Without the pictures, give the entries below again exactly as written.

[Exercise material]:
#####
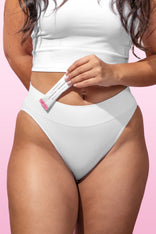 Woman in white holding a Happy V supplement tube for feminine wellness support.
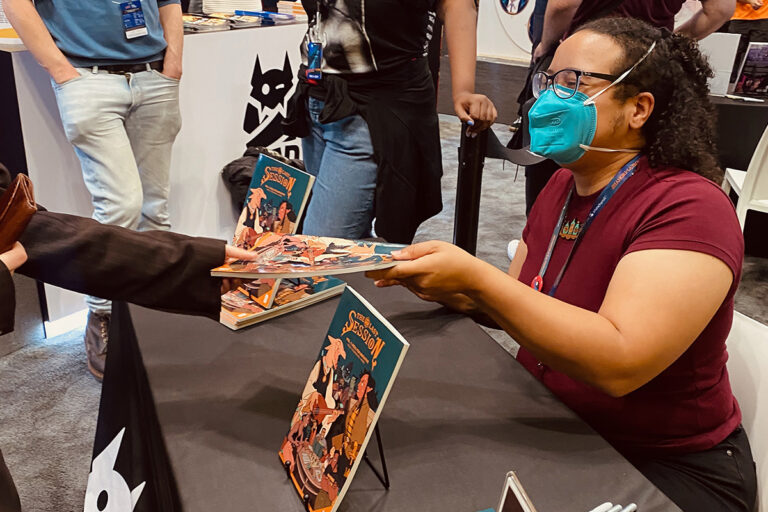 Jasmine Walls meeting a fan and signing a copy of The Last Session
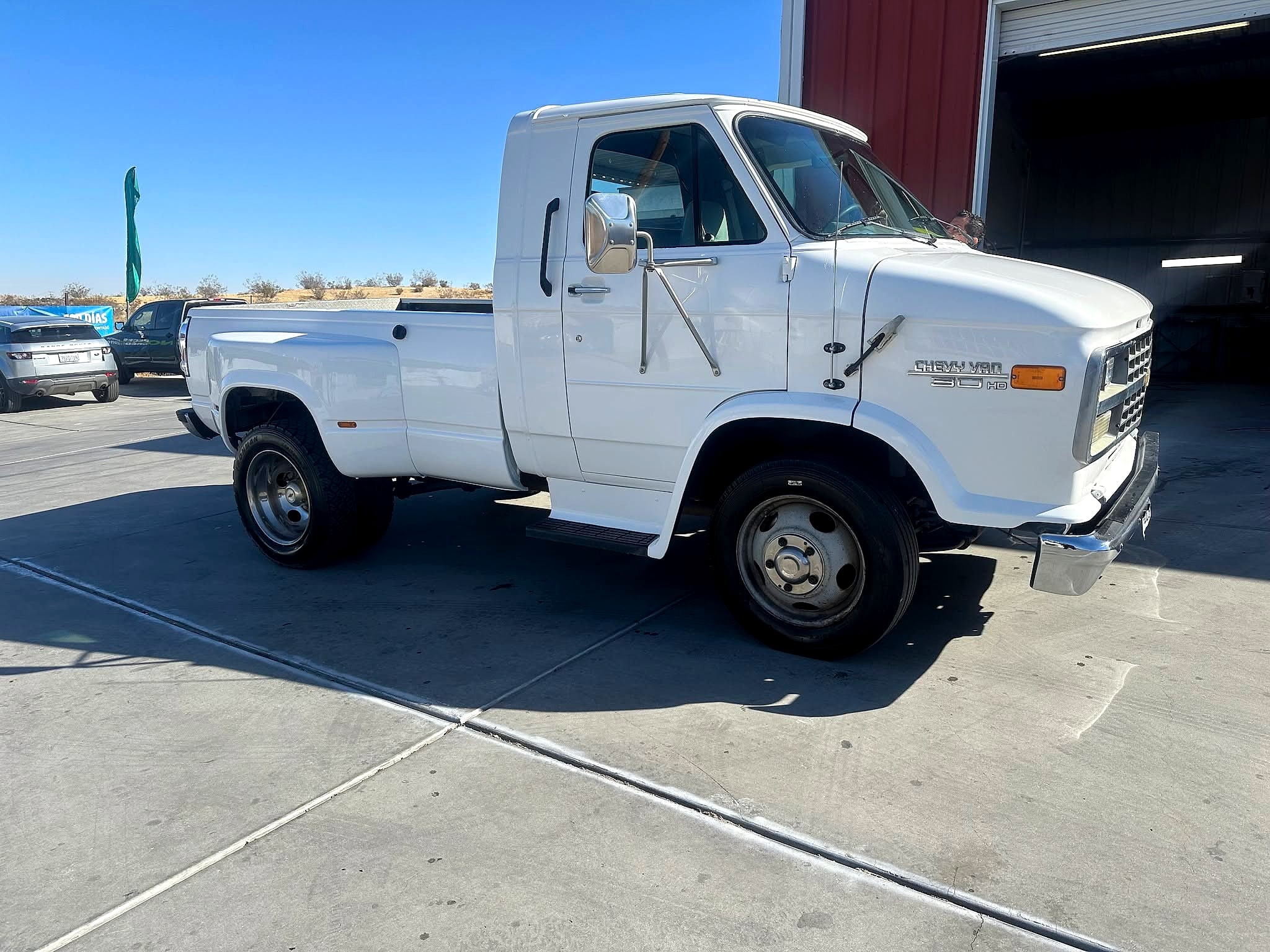 Finished gloss white Chevy Van 30 HD dually pickup outside the shop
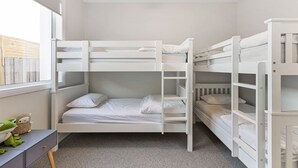 Quarto com beliche, roupa de cama branca, escrivaninha e janela.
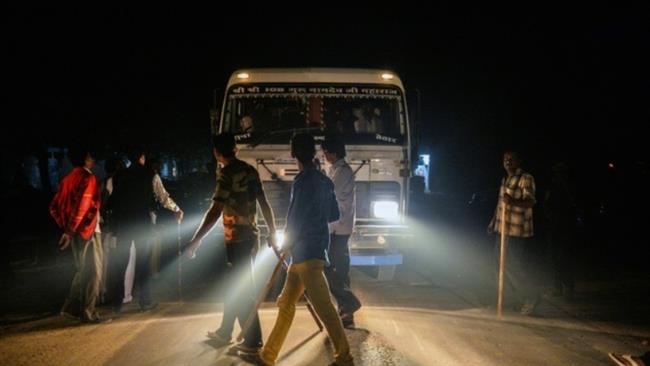 The file photo shows members of the vigilante group Gau Raksha Dal (Cow Protection Squad) inspect a truck on a highway in Taranagar in the desert state of Rajasthan, India. PHOTO: AFP 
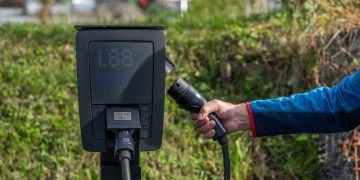 An outdoor electric car charging station with a hand holding a charging cable.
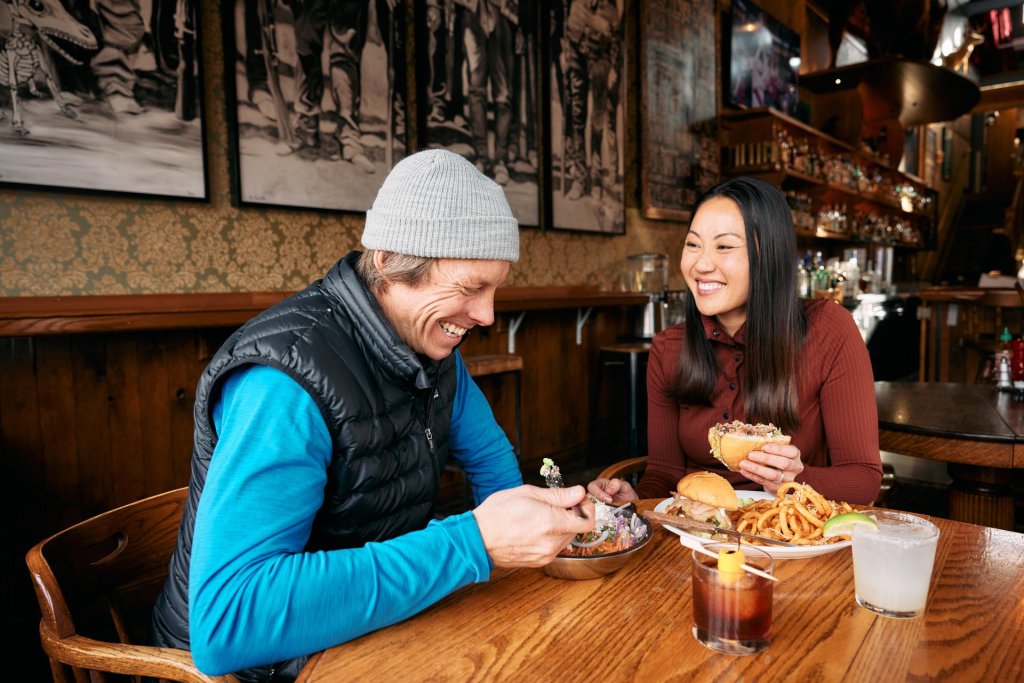 Couple enjoys a meal at McMenamins in Bend, Oregon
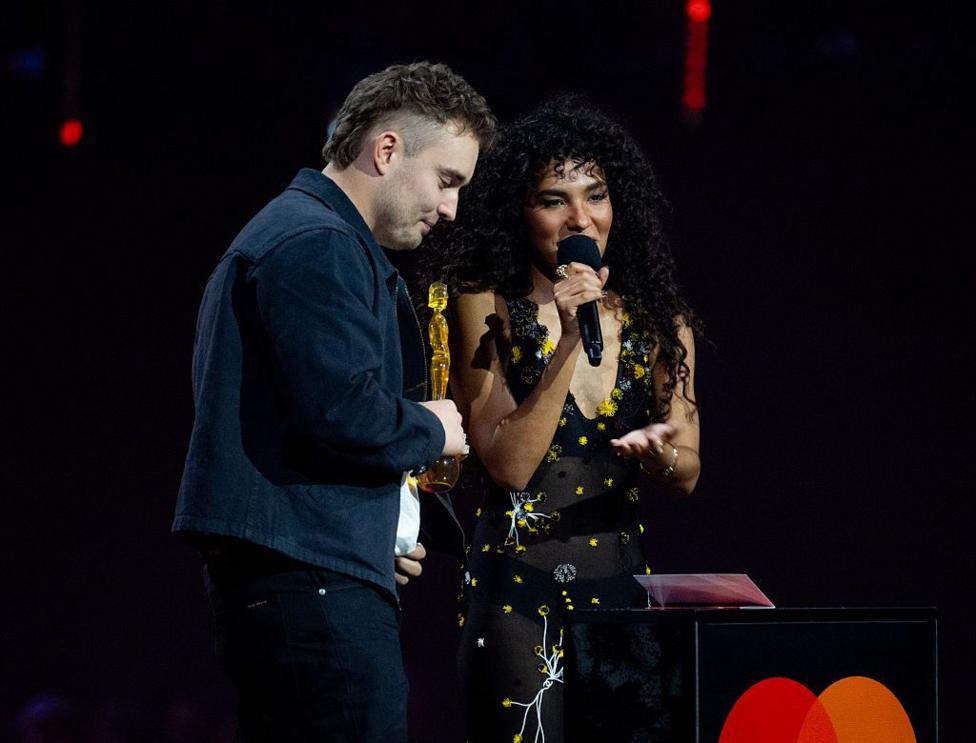 Picture of Sam Fender in a blue jacket, holding a Brit award as Olivia Dean speaks into a microphone on stage wearing a black and yellow dress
#####
[Response box]:
 Woman in white holding a Happy V supplement tube for feminine wellness support.
 Jasmine Walls meeting a fan and signing a copy of The Last Session
 Finished gloss white Chevy Van 30 HD dually pickup outside the shop
 Quarto com beliche, roupa de cama branca, escrivaninha e janela.
 The file photo shows members of the vigilante group Gau Raksha Dal (Cow Protection Squad) inspect a truck on a highway in Taranagar in the desert state of Rajasthan, India. PHOTO: AFP 
 An outdoor electric car charging station with a hand holding a charging cable.
 Couple enjoys a meal at McMenamins in Bend, Oregon
 Picture of Sam Fender in a blue jacket, holding a Brit award as Olivia Dean speaks into a microphone on stage wearing a black and yellow dress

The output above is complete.